• Your objective:
From the line with "acantholytic dermatosis of" to the line with "درمان فیستول مقعدی با دارو", retype each line exactly as it stands in the records below, but skip the pictures.

• Data to process:
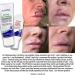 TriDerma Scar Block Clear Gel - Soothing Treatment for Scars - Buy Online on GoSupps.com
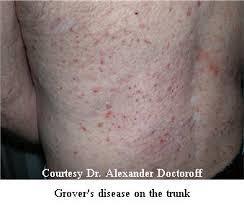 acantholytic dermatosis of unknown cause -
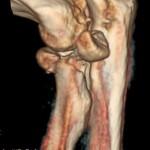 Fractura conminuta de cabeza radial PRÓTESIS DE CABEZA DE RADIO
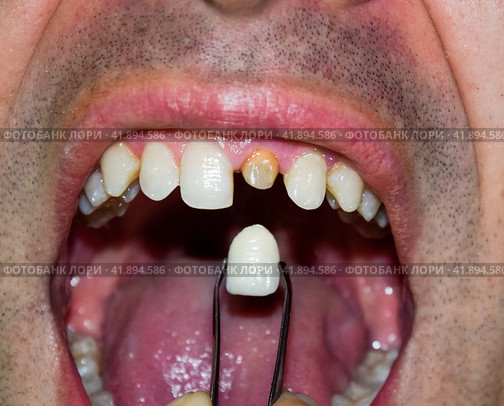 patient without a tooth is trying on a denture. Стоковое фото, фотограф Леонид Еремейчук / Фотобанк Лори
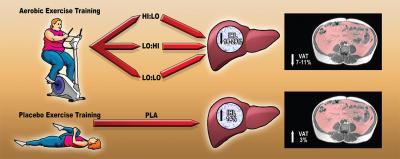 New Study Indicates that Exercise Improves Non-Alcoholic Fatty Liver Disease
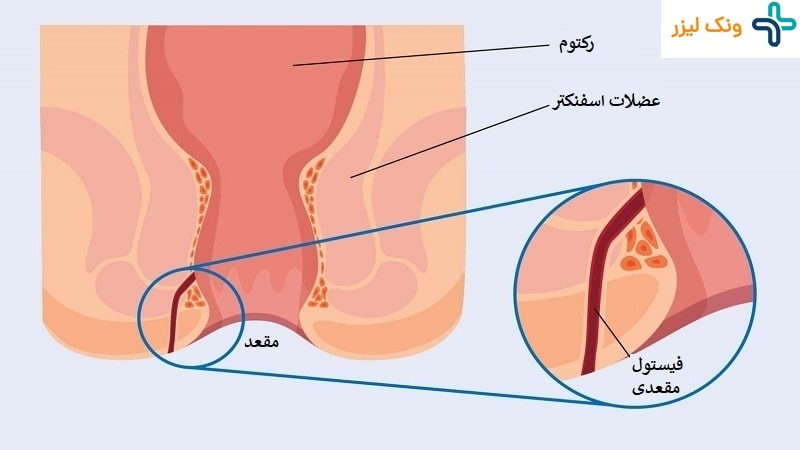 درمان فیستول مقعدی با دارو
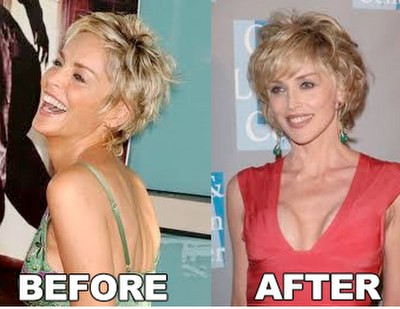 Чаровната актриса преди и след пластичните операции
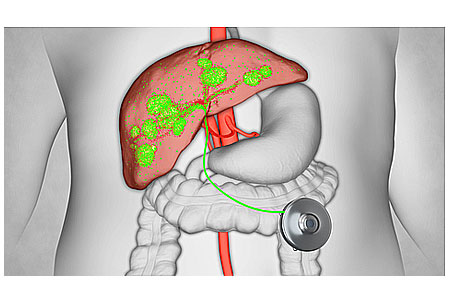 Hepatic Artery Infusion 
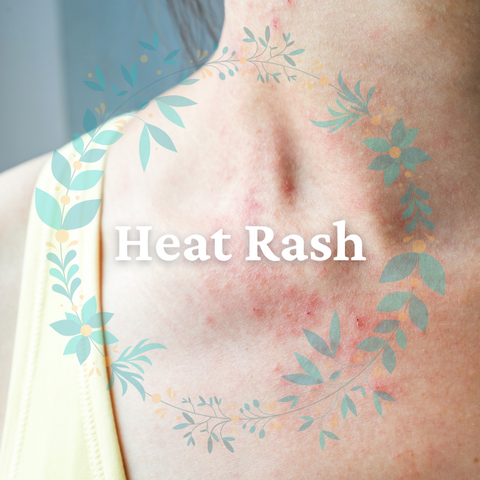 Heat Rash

==

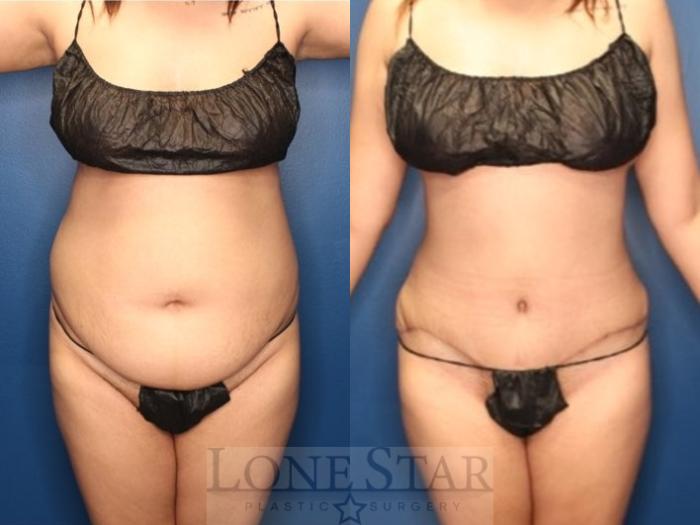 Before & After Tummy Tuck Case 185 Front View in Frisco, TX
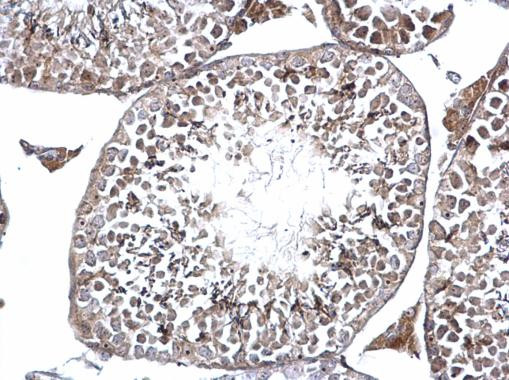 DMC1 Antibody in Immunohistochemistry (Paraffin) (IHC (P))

• Result for this exercise:
 acantholytic dermatosis of unknown cause -
 Fractura conminuta de cabeza radial PRÓTESIS DE CABEZA DE RADIO
 patient without a tooth is trying on a denture. Стоковое фото, фотограф Леонид Еремейчук / Фотобанк Лори
 New Study Indicates that Exercise Improves Non-Alcoholic Fatty Liver Disease
 درمان فیستول مقعدی با دارو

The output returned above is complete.